*Task*: Whenever the word "find" turns up in a line of the data below, copy that line.

(Material for this exercise)

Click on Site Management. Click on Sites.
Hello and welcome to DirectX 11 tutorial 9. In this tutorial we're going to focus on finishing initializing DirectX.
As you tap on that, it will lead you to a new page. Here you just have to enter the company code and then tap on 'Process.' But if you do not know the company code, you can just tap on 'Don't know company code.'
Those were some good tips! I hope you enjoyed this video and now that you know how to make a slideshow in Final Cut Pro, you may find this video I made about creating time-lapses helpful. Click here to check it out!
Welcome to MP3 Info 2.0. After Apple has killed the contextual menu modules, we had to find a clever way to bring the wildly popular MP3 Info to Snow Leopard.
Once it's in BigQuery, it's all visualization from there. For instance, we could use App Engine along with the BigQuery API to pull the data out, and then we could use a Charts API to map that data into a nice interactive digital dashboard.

(End Material for this exercise)
(Material for this exercise)

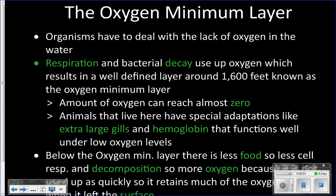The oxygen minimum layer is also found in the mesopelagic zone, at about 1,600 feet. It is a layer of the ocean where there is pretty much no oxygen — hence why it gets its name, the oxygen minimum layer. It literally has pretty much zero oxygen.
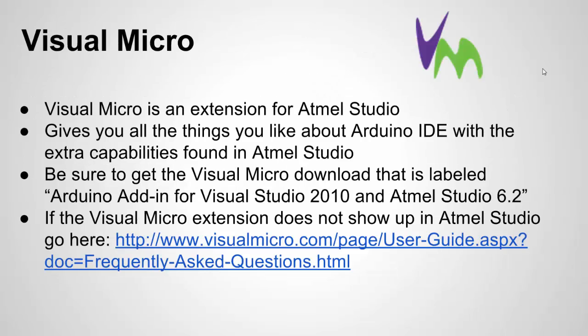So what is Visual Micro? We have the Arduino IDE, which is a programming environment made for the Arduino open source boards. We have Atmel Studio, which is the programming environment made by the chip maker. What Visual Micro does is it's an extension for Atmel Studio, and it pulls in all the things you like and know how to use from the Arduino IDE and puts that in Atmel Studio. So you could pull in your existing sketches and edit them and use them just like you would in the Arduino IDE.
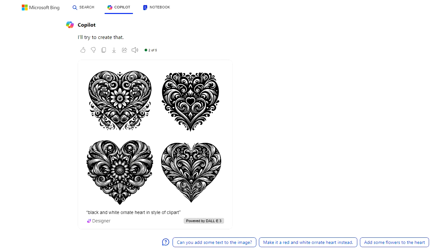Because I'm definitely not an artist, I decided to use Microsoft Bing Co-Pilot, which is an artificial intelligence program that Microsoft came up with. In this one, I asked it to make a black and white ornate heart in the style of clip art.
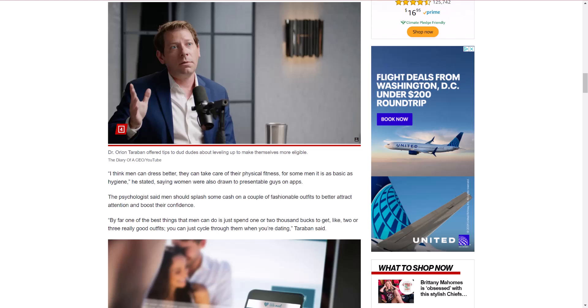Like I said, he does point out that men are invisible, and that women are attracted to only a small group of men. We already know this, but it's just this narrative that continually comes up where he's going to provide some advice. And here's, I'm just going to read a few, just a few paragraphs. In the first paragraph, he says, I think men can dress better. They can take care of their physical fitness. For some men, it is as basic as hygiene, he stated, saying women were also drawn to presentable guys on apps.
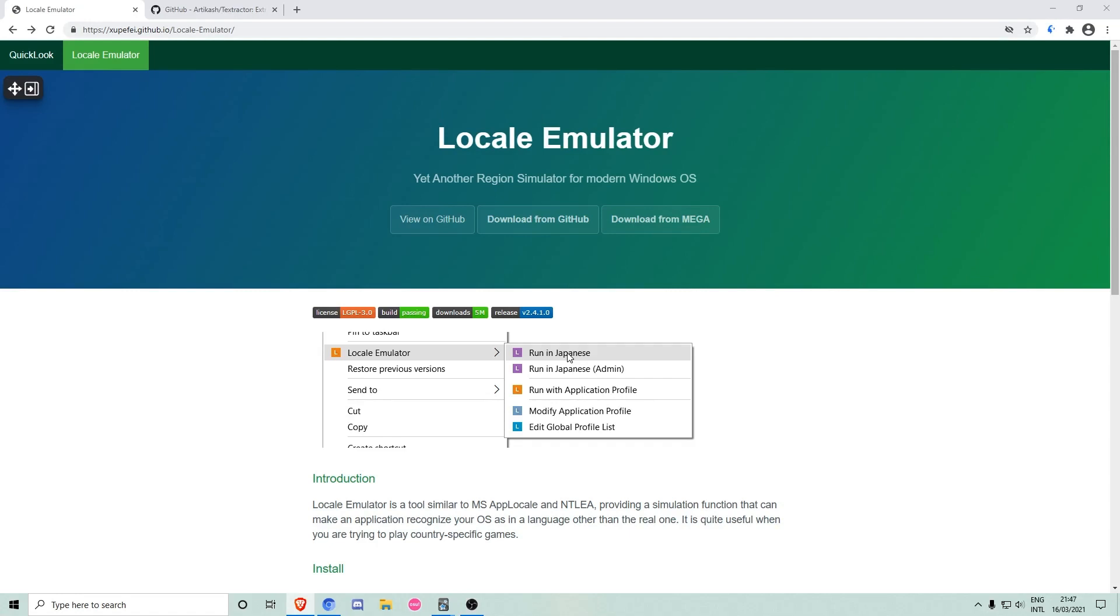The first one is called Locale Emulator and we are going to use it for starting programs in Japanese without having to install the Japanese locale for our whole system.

(End Material for this exercise)

*Solved problem*:
Those were some good tips! I hope you enjoyed this video and now that you know how to make a slideshow in Final Cut Pro, you may find this video I made about creating time-lapses helpful. Click here to check it out!
Welcome to MP3 Info 2.0. After Apple has killed the contextual menu modules, we had to find a clever way to bring the wildly popular MP3 Info to Snow Leopard.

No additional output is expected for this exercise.